**REQUIREMENT**. From the entries that follow, list every line in which the string "Your" appears.

**EXCERPTED DATA**.
- - -
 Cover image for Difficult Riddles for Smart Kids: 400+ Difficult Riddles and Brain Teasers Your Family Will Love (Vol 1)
- - -
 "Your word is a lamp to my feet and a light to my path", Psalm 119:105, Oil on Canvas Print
- - -
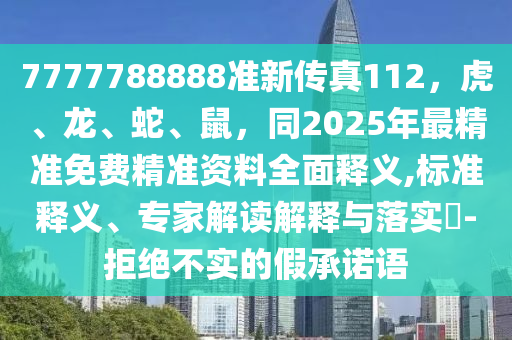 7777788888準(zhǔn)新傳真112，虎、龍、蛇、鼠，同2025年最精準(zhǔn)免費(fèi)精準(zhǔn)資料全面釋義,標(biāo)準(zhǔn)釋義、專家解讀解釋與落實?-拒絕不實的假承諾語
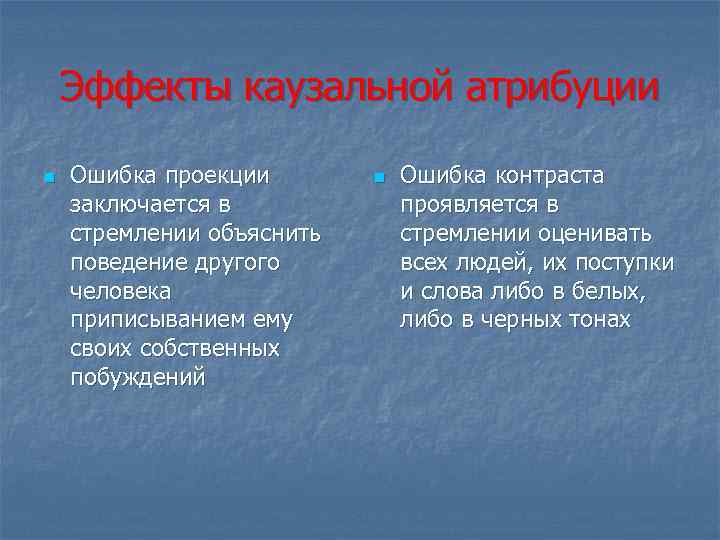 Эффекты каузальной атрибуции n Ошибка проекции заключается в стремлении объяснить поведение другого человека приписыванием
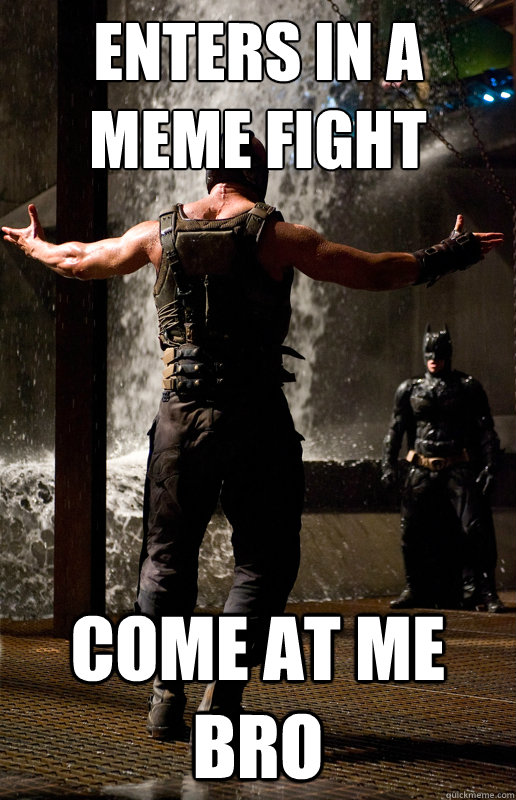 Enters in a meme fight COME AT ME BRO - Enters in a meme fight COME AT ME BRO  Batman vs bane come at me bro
- - -
**WRITTEN RESPONSE**.
 Cover image for Difficult Riddles for Smart Kids: 400+ Difficult Riddles and Brain Teasers Your Family Will Love (Vol 1)
 "Your word is a lamp to my feet and a light to my path", Psalm 119:105, Oil on Canvas Print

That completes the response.